DESCRIPTION OF THE TASK:
Could you write out, exactly as they stand, only the lines in the listing below from the line with "LAMEA 3D NAND Flash Memory Market" to the line with "bokomslag A Survivor's", both ends included, without the pictures?

RECORDED DATA:
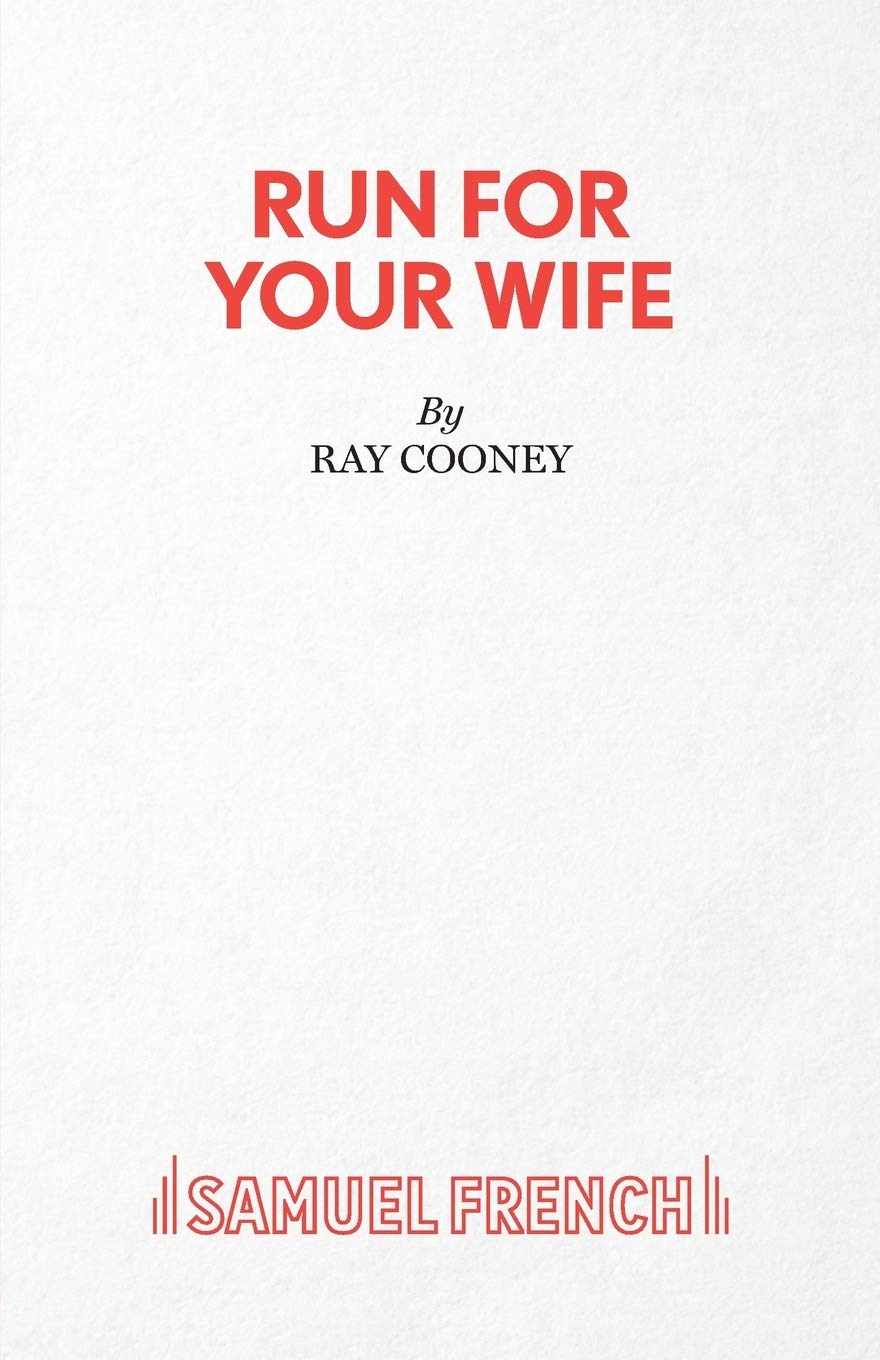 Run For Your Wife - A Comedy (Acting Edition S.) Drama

==

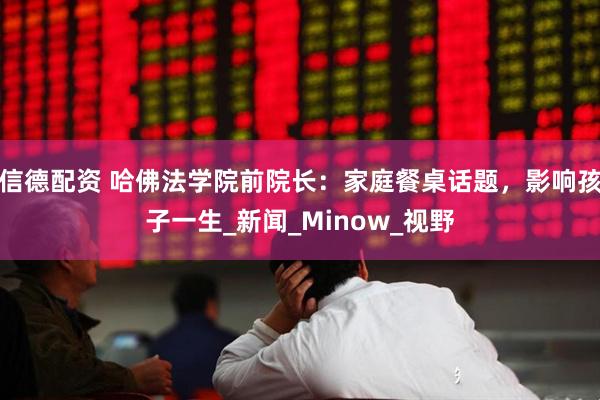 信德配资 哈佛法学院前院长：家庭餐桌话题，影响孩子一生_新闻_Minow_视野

---

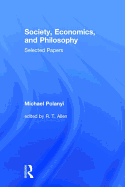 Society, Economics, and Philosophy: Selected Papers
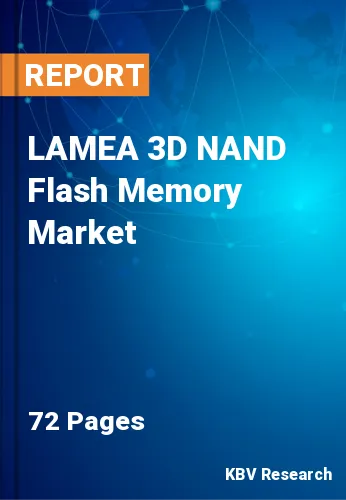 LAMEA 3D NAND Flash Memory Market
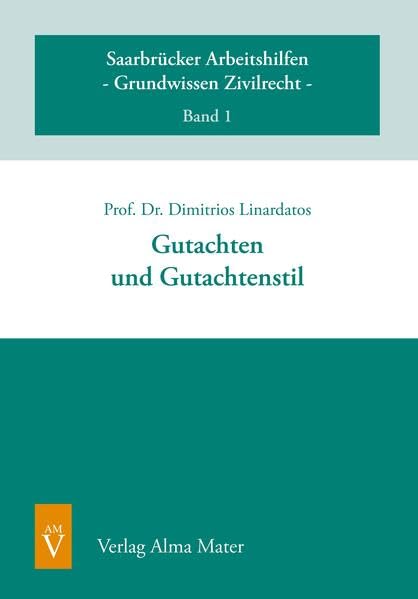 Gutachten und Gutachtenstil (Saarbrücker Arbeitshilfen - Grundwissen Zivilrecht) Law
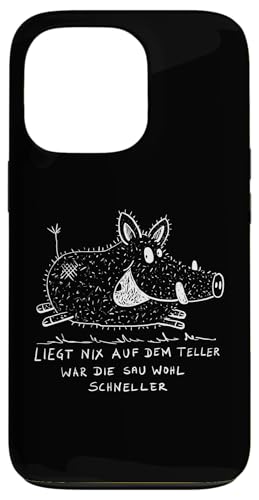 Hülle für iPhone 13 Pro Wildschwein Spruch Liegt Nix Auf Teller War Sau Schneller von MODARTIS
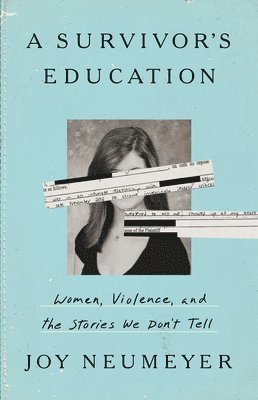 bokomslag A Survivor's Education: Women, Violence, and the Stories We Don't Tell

RESULT OF THE EXERCISE:
 LAMEA 3D NAND Flash Memory Market
 Gutachten und Gutachtenstil (Saarbrücker Arbeitshilfen - Grundwissen Zivilrecht) Law
 Hülle für iPhone 13 Pro Wildschwein Spruch Liegt Nix Auf Teller War Sau Schneller von MODARTIS
 bokomslag A Survivor's Education: Women, Violence, and the Stories We Don't Tell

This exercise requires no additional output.